## [WHAT NEEDS TO BE DONE]
Below are records that hold pictures; write out only the lines from their start through the line with "An Antique Mid", exactly, and drop the pictures.

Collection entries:
++++

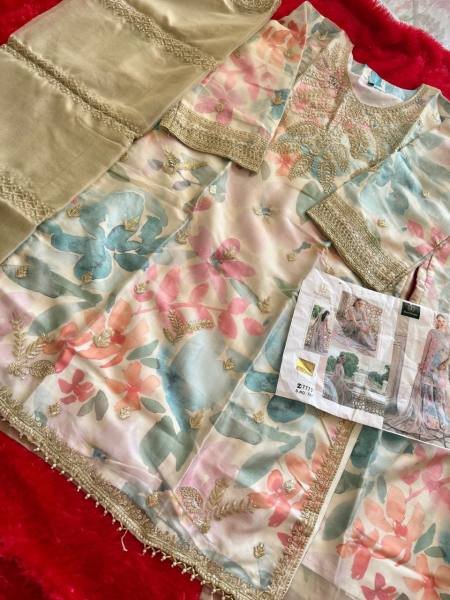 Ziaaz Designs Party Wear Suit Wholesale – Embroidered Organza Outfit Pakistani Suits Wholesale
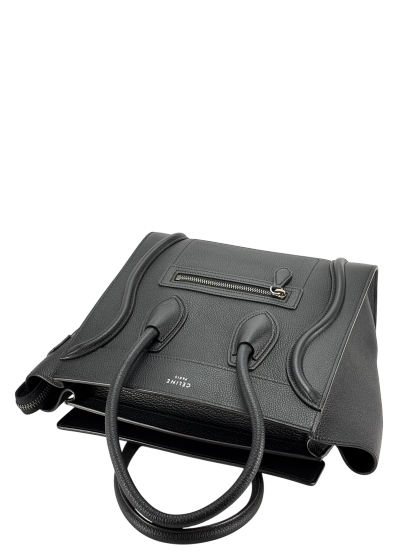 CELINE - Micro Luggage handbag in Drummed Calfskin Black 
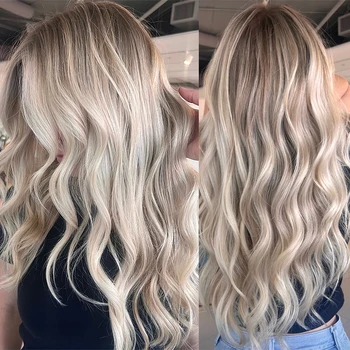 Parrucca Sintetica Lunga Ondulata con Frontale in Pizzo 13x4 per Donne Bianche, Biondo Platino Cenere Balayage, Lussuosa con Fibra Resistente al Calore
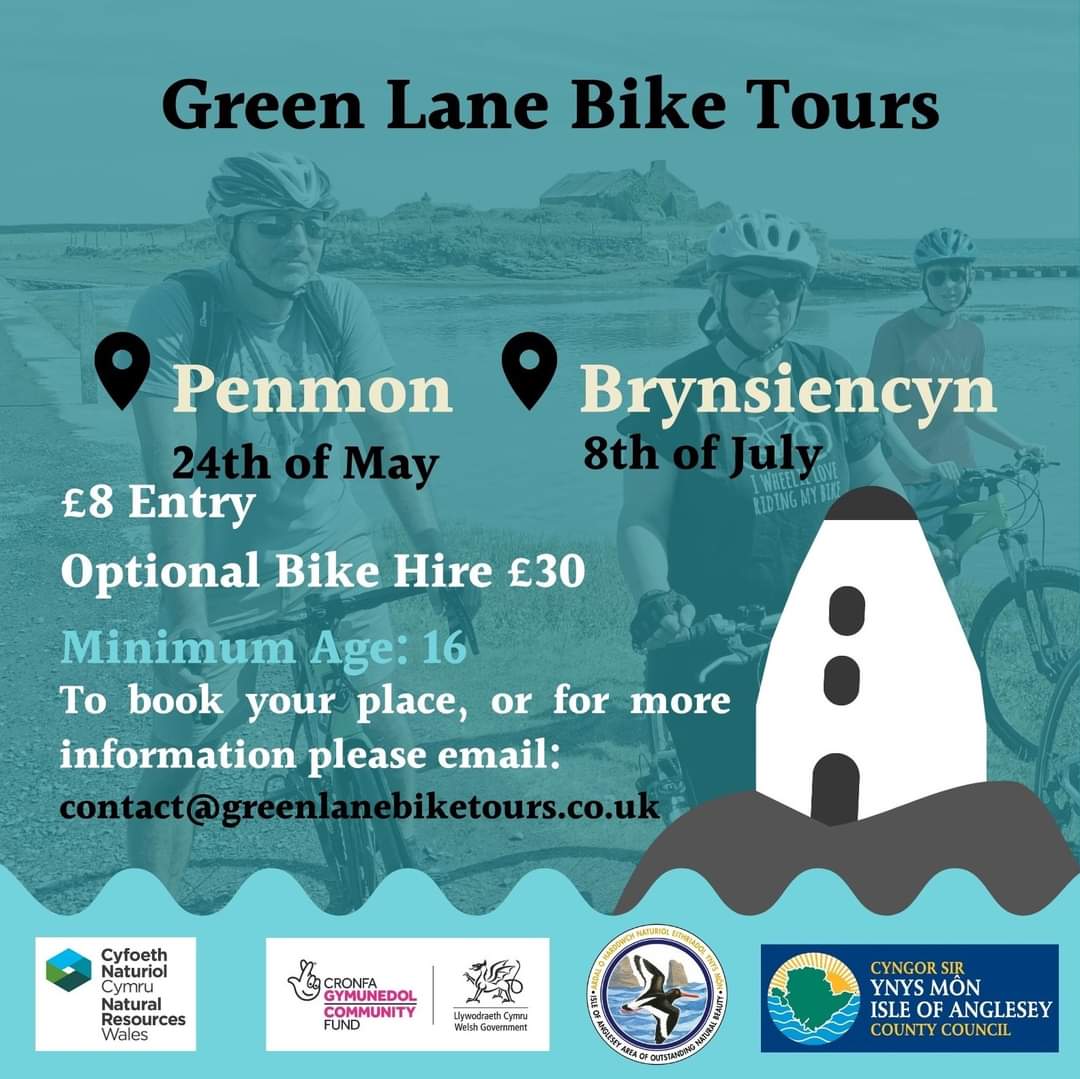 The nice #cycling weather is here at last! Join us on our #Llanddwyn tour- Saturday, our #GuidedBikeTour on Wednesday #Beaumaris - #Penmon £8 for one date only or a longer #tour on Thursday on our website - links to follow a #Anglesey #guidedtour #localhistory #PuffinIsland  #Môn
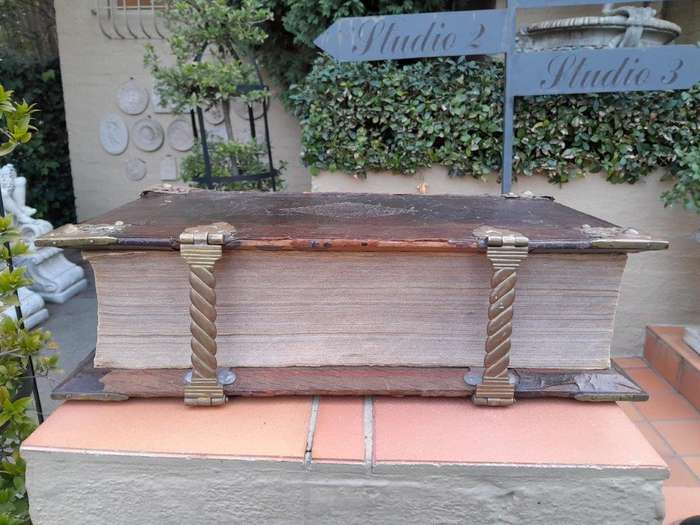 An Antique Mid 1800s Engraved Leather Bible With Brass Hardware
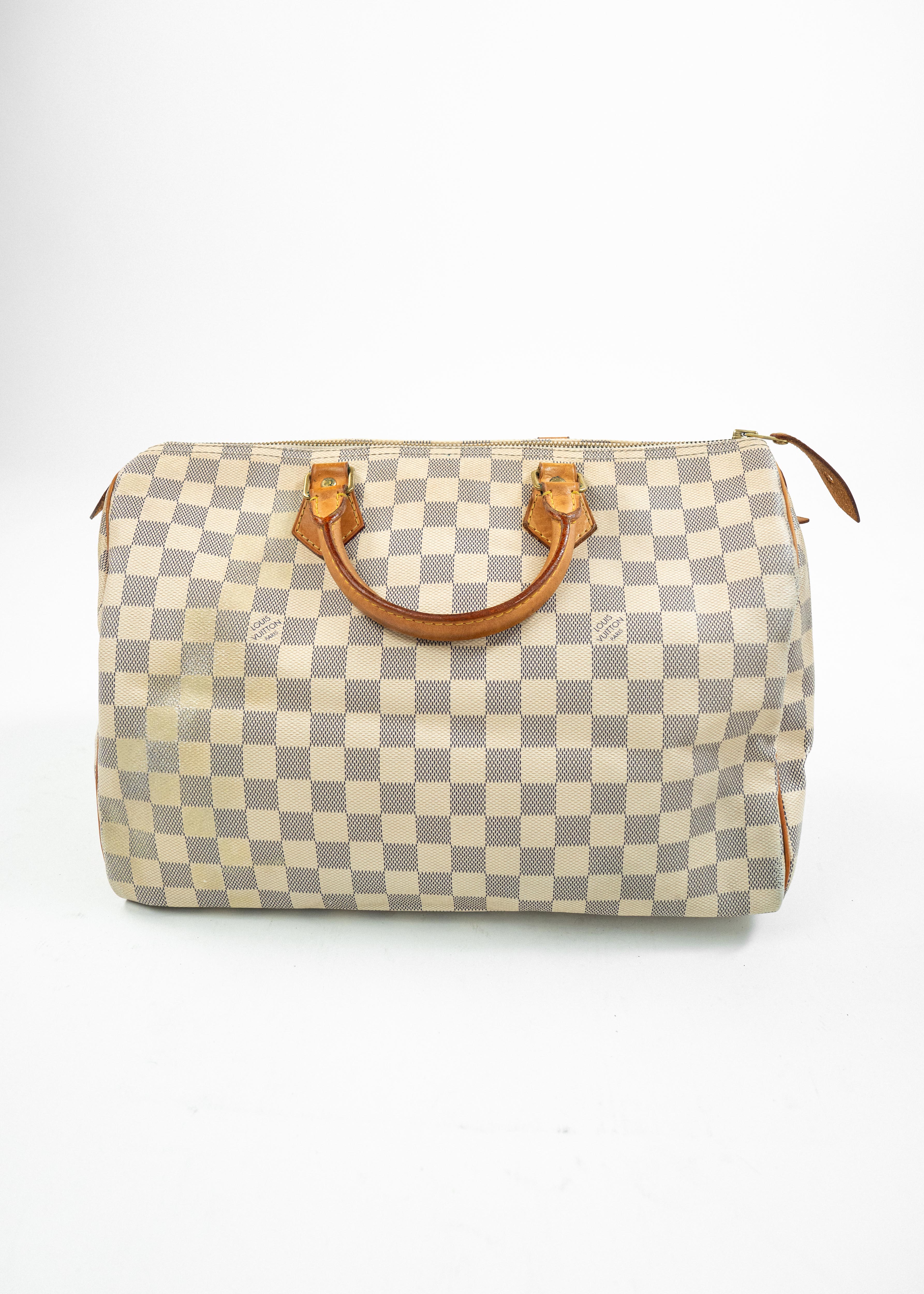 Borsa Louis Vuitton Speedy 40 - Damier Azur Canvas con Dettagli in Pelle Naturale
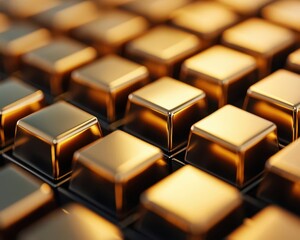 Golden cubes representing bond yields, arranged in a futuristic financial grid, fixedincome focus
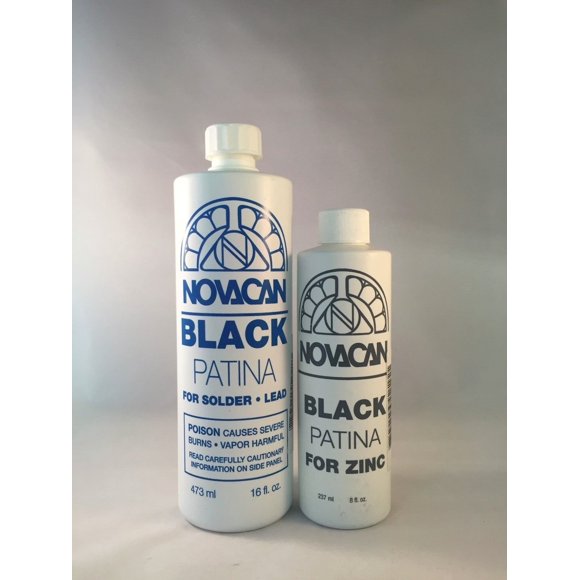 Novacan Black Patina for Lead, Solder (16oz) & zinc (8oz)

++++

## [TASK RESULT]
 Ziaaz Designs Party Wear Suit Wholesale – Embroidered Organza Outfit Pakistani Suits Wholesale
 CELINE - Micro Luggage handbag in Drummed Calfskin Black 
 Parrucca Sintetica Lunga Ondulata con Frontale in Pizzo 13x4 per Donne Bianche, Biondo Platino Cenere Balayage, Lussuosa con Fibra Resistente al Calore
 The nice #cycling weather is here at last! Join us on our #Llanddwyn tour- Saturday, our #GuidedBikeTour on Wednesday #Beaumaris - #Penmon £8 for one date only or a longer #tour on Thursday on our website - links to follow a #Anglesey #guidedtour #localhistory #PuffinIsland  #Môn
 An Antique Mid 1800s Engraved Leather Bible With Brass Hardware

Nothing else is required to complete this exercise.